Se posent donc tous ces problèmes de l’économie du partage, et ce qui m’énerve notamment, c’est le choix des termes liés à cette économie, moralisateurs et connotés très positivement. Parage, altruisme, générosité, collaboration. Évidemment tout le monde milite pour ces choses-là.

Mais parfois, tout ce discours autour de la générosité et du partage empêche de voir que la réalité est un peu moins rose que tout ce que ces termes ne laissent paraître.

Digital Labor

Cette notion désigne, d’une part,  les activités en ligne qui génèrent de la valeur. Par exemple, effectuer une recherche dans Google, modifier son profil Facebook, écrire du logiciel libre, poster des photos, etc. Mais elle désigne aussi le courant de recherche qui en a pris le nom, et qui essaie de développer un discours critique autour de ces activités. Ce courant revendique notamment que ces activités relèvent d’une nouvelle forme d’exploitation, au sens marxiste du terme, puisque certains acteurs viennent capter la valeur créée par ces contributions bénévoles, réalisées sur le temps libre.
Ce courant des Digital Labor posent des questions très intéressantes. Cependant, je ne suis pas toujours convaincu, tant par les réponses qu’ils donnent que par leur cadre d’analyse, très marxiste, et orthodoxe au sein du marxisme. En effet, ces courant essaient de repenser ces problématiques en usant des même catégories qu’au 19ème siècle (notion de surtravail, d’exploitation, théorie de la valeur marxiste). Mais ces cadres me paraissent incompatibles pour penser notre société contemporaine, car nos activités ne sont pas comparables à la réalité industrielle du 19ème siècle. Je pense notamment aux activités qui brouillent la séparation entre travail et loisir, où la création de valeur est très difficile à mesurer, et où la valeur ne peut pas toujours être attribuée à une seule personne (dans le cas de contributions collectives et collaboratives).
Les anciennes catégories, notamment marxistes, ne marchent pas forcément très bien pour analyser ces nouveaux paradigmes.

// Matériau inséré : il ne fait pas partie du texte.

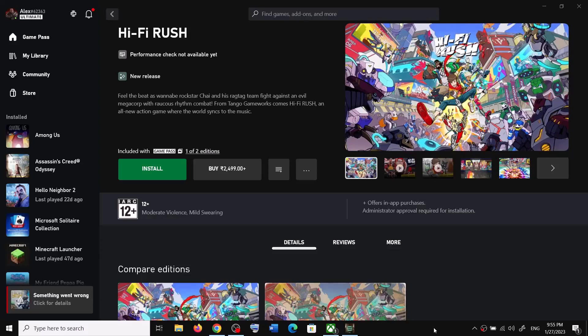Hello guys, welcome to my channel. Today in this video I'm going to show you how to fix when you are unable to install Hi-Fi Rush game from the Xbox app, or if you are unable to install it on Microsoft Store on your Windows computer. Please follow the steps.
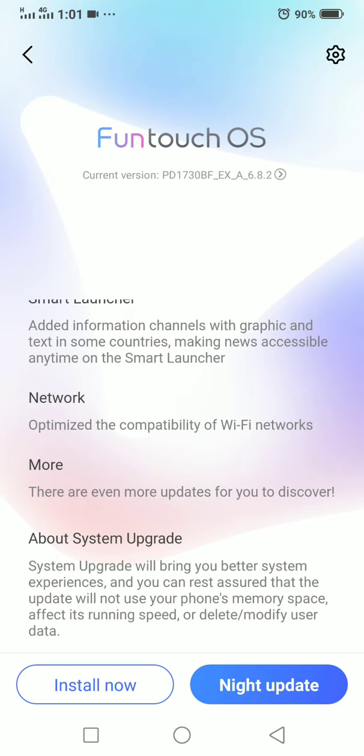About the system upgrade - it will bring you a better system experience and you can rest assured that the update will not use your phone memory space. This update doesn't use much mobile space, just a little space in your phone.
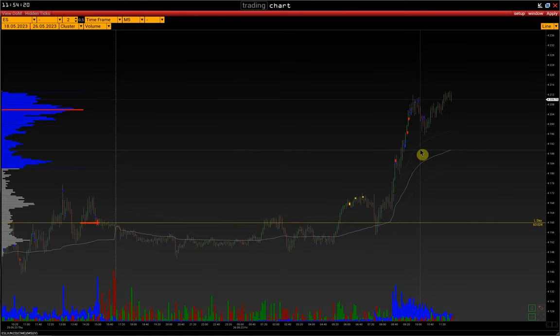Greetings. In this video, we will show a strategy for intraday trading on the S&P 500 futures, but in general it will be relevant for other instruments as well. The strategy is very simple and as clear as possible.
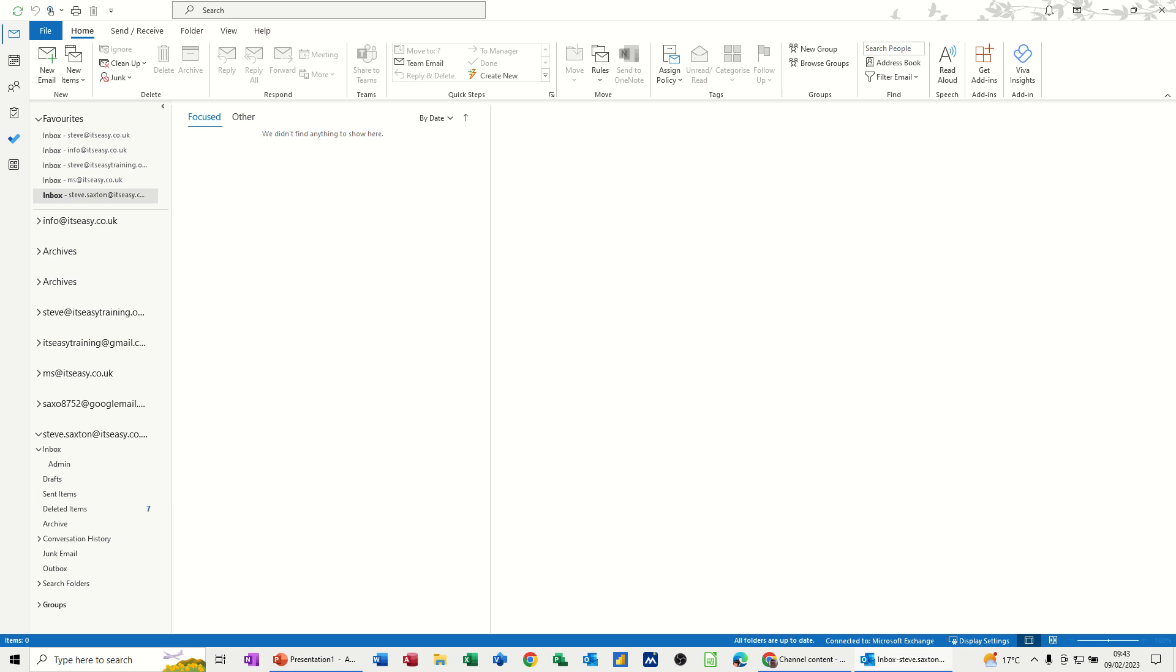Hi guys, welcome to this session in Microsoft Outlook. In this module, I want to have a look at how you can create rules that automatically move certain emails into folders that either you are creating while you're doing the rule or you've already created.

Aussi, si des questions très intéressantes émergent actuellement autour du digital labor, nous n’avons pas encore trouvé les moyens théoriques et critiques pour réellement bien les poser et bien les résoudre.

C’est plutôt du travail qu’il reste à faire, à l’avenir.

Méthodologie

On m’a beaucoup reproché dans mon travail de thèse, de ne pas avoir une méthodologie assez claire. En sociologie on nous bassine avec des questions de méthodologie. Cela suffit les questions de méthodologie ! Parfois c’est une sorte de cache misère où les gens déploient des trésors d’ingéniosité pour tenter de prouver que c’est une méthodologie scientifique. Cela cache souvent du vide, voire de l’irrationalité.

Ironie

C’est une notion qui a un peu mauvaise presse. On peut avoir l’impression que l’on en a assez de l’ironie, que le second degré est partout, que les hipsters ont fait de l’ironie une nouvelle manière d’être, et que s’en est trop.
Pourtant, je voudrais plutôt défendre l’ironie, et l’usage de l’ironie dans le travail de recherche, qui amène souvent une distance et un regard critique plutôt bienvenue, une absence de sérieux et un peu d’humour, dont on a besoin dans la recherche.
Quelqu’un comme Evgeny Morozov manie très bien l’ironie. Il est parfois très caustique, voire même un peu méchant. Mais cela donne parfois une certaine force, ou en tout cas un certain attrait à ces propos.
Et paradoxalement, je pense que l’ironie est un peu une attitude d’idéaliste.

L’ironie est une sorte d’idéalisme lucide, porté par des gens mus par de grandes espérances et idéaux.

La médiocrité qu’on leur propose n’est pas du tout à la hauteur de ce qu’ils seraient en droit d’attendre. Et du coup, ils sont ironiques et caustiques, pour ne pas laisser berner par une forme de médiocrité qui n’est pas du tout à la hauteur des grands idéaux qu’ils pourraient avoir par ailleurs.